The Early Reflections curve is an estimate of all single-bounce, first-reflections, in a typical listening room.

Sound Power represents all of the sounds arriving at the listening position after any number of reflections from any direction. It is the weighted rms average of all 70 measurements, with individual measurements weighted according to the portion of the spherical surface that they represent.

Sound Power Directivity Index (SPDI): In this standard the SPDI is defined as the difference between the listening window curve and the sound power curve.

Early Reflections Directivity Index (EPDI): is defined as the difference between the listening window curve and the early reflections curve. In small rooms, early reflections figure prominently in what is measured and heard in the room so this curve may provide insights into potential sound quality.

Early Reflections Breakout:

Floor bounce: average of 20º, 30º, 40º down

Ceiling bounce: average of 40º, 50º, 60º up

Front wall bounce: average of 0º, ± 10º, ± 20º, ± 30º horizontal

Side wall bounces: average of ± 40º, ± 50º, ± 60º, ± 70º, ± 80º horizontal

Rear wall bounces: average of 180º, ± 90º horizontal

Estimated In-Room Response:

In theory, with complete 360-degree anechoic data on a loudspeaker and sufficient acoustical and geometrical data on the listening room and its layout it would be possible to estimate with good precision what would be measured by an omnidirectional microphone located in the listening area of that room. By making some simplifying assumptions about the listening space, the data set described above permits a usefully accurate preview of how a given loudspeaker might perform in a typical domestic listening room. Obviously, there are no guarantees, because individual rooms can be acoustically aberrant. Sometimes rooms are excessively reflective (“live”) as happens in certain hot, humid climates, with certain styles of interior décor and in under-furnished rooms. Sometimes rooms are excessively “dead” as in other styles of décor and in some custom home theaters where acoustical treatment has been used excessively. This form of post processing is offered only as an estimate of what might happen in a domestic living space with carpet on the floor and a “normal” amount of seating, drapes and cabinetry.

For these limited circumstances it has been found that a usefully accurate Predicted In-Room (PIR) amplitude response, also known as a “room curve” is obtained by a weighted average consisting of 12 % listening window, 44 % early reflections and 44 % sound power. At very high frequencies errors can creep in because of excessive absorption, microphone directivity, and room geometry. These discrepancies are not considered to be of great importance.

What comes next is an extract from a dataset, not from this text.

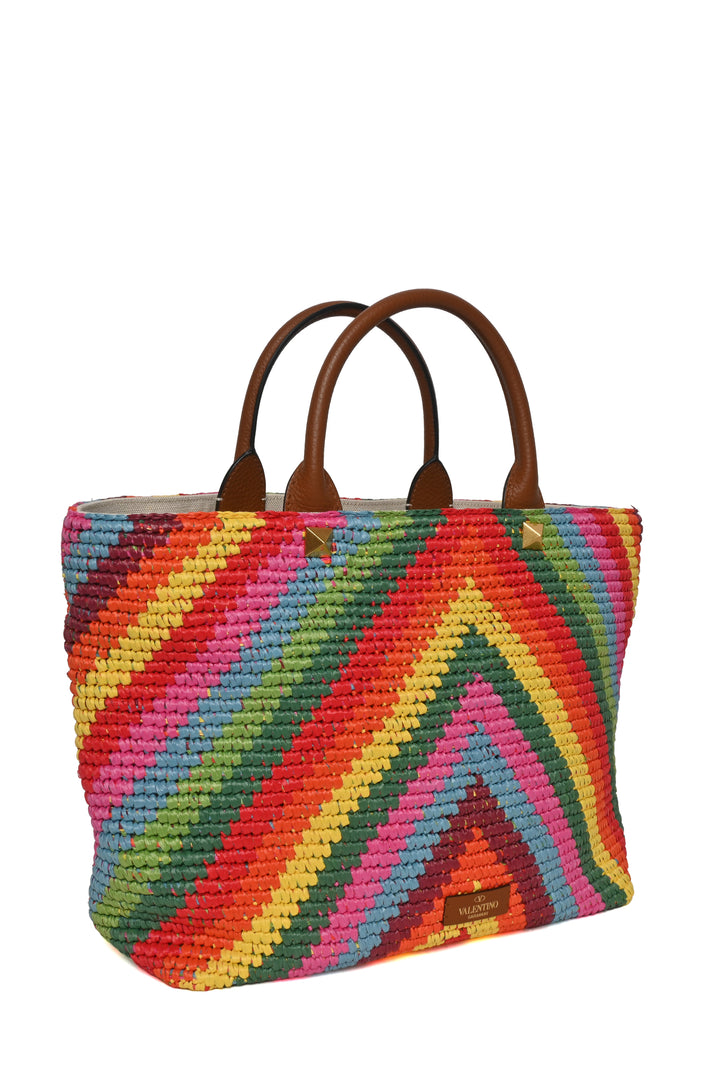 Valentino Roman Studded Chevron Raffia Rainbow Tote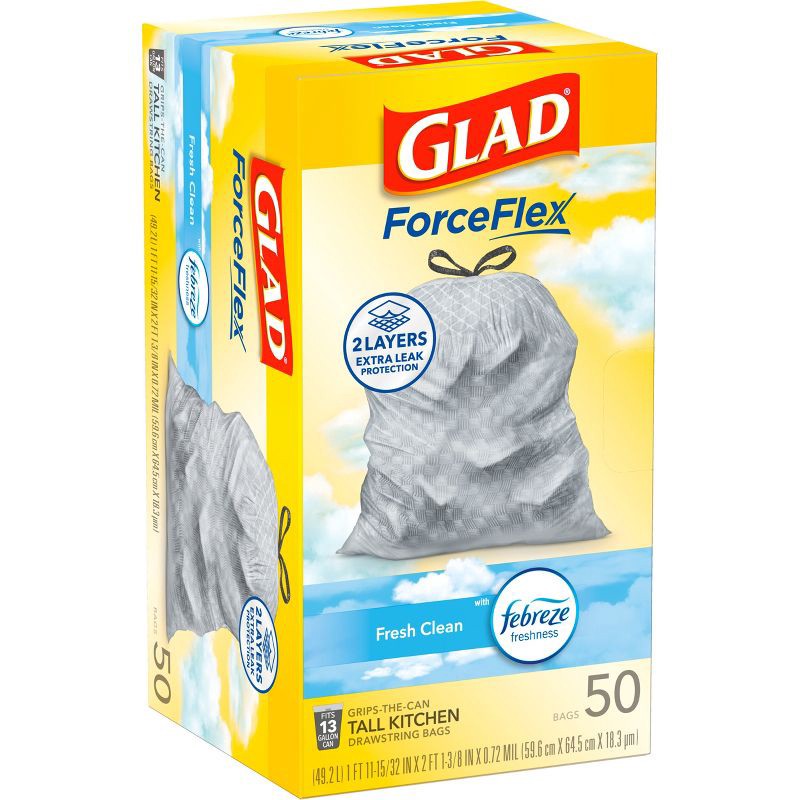 slide 10 of 16, Glad Tall Kitchen Drawstring Trash Bags OdorShield - Febreze Fresh Clean - Gray - 50ct/13gal, 50 ct, 13 gal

Horizontal Frequency Response (0° to ±90°):

Vertical Frequency Response (0° to ±40°):

Horizontal Contour Plot (normalized):

Vertical Contour Plot (normalized):

“Globe” Plots

Horizontal Polar (Globe) Plot:
This represents the sound field at 2 meters - above 200Hz - per the legend in the upper left.

Vertical Polar (Globe) Plot:
This represents the sound field at 2 meters - above 200Hz - per the legend in the upper left.

Additional Measurements

Impedance Magnitude and Phase

Response Linearity and Sensitivity

Step Response

Group Delay

Harmonic Distortion

Harmonic Distortion at 86dB @ 1m:

Harmonic Distortion at 96dB @ 1m:

Dynamic Range (Instantaneous Compression Test)

The below graphic indicates just how much SPL is lost (compression) or gained (enhancement; usually due to distortion) when the speaker is played at higher output volumes instantly via a 2.7 second logarithmic sine sweep referenced to 76dB at 1 meter. The signals are played consecutively without any additional stimulus applied. Then normalized against the 76dB result.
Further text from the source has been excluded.